La madurez ha llegado con versos donde el paisaje y la mujer amada son la cella, eso que llamaban los antiguos griegos al espacio interior de forma rectangular, que constituía el núcleo de la construcción.
Camilo Venegas Yero se ha bajado de los trenes en marcha y de esa remota localidad cubana llamada Paradero de Camarones desde sus textos no sólo poéticos. Aprender a soltar parece haberle enseñado Diana Sarlabous, compañera de poemas y viajes, de vida y desvida.
Sus versos, finalmente se han adentrado en ese territorio existencial que es el adueñarse del universo, más allá del Atlas que le regaló su abuelo. Estación del Norte llega después de su novela Atlántida, donde no ha inventado un Macondo, sino una nueva localidad que ha poblado el mapamundi real de la literatura.
Más que andar en trenes, Camilo hace el camino a Santiago de Compostela, y desanda el territorio español, su nueva geografía. Estos poemas han parido viñetas poéticas, que a su vez han dibujado un nuevo atlas, el íntimo que se ha ido armando, entre la animalia que conocimos con El hombre y la tierra, mientras se quita la piel de turista y fecunda las nuevas memorias, con versiones cada vez más redondas de la madurez.
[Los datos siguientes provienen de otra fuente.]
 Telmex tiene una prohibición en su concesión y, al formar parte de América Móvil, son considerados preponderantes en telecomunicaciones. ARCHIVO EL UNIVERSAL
“Volver a estas piedras es mi destino”, parece decir con Brodsky. Camilo ha logrado, como pocos, el sosiego que le aporta el amor definitivo, y él nos devuelve ese fenómeno tan peculiar en versos breves, de corta respiración, con los cuales nos acostumbramos al nuevo fervor del poeta: el de la mirada universal y la profundidad del vuelo en picada del águila perdicera.